Slow cooker vegetable curry | Healthy Recipes
Ingredients
- 400ml can light coconut milk
 - 3 tbsp mild curry paste
 - 2 tsp vegetable bouillon powder
 - 1 red chilli, deseeded and sliced
 - 1 tbsp finely chopped ginger
 - 3 garlic cloves, sliced
 - 200g butternut squash (peeled weight), cut into chunks
 - 1 red pepper, deseeded and sliced
 - 1 small aubergine (about 250g), halved and thickly sliced
 - 15g coriander, chopped
 - 160g frozen peas , defrosted
 - 1 lime , juiced, to taste
 - wholemeal flatbread, to serve
 
Method:
- Put 400ml light coconut milk, 3 tbsp mild curry paste, 2 tsp vegetable bouillon powder, 1 deseeded and sliced red chilli, 1 tbsp finely chopped ginger, 3 sliced garlic cloves, 200g chunks butternut squash, 1 sliced red pepper and 1 small halved and thickly sliced aubergine into the slow cooker pot and stir well.

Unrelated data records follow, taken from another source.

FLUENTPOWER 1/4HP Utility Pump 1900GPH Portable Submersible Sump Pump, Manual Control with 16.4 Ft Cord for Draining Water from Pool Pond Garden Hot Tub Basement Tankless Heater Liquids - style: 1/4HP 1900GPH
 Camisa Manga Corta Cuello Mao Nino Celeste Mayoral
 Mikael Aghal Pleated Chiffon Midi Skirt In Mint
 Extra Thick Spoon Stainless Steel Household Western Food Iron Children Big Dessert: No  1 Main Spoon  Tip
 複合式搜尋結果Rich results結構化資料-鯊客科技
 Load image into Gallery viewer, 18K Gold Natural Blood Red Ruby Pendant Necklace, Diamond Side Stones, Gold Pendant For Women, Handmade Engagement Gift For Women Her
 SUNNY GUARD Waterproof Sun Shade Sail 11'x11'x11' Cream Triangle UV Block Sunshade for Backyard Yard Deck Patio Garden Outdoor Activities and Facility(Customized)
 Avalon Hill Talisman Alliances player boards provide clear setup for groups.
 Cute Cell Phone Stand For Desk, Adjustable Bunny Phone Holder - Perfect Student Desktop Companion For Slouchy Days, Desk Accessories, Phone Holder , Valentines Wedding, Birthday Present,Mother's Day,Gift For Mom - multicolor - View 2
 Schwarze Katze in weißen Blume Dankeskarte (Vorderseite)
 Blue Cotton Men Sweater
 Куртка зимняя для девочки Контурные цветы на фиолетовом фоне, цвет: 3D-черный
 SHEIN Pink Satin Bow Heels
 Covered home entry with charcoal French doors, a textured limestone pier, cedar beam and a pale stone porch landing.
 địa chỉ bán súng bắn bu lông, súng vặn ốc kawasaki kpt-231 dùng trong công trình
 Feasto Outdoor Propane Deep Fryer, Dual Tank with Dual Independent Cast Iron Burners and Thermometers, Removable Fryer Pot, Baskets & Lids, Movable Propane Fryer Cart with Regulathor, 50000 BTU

Cover with the lid and chill overnight.
 - The next day, cook on Low for 6 hrs until the vegetables are really tender, then stir in 15g chopped coriander and 160g defrosted peas. The heat of the curry should be enough to warm them through.
 - Taste and add a good squeeze of lime juice, if you fancy extra zing. Serve with a wholemeal flatbread.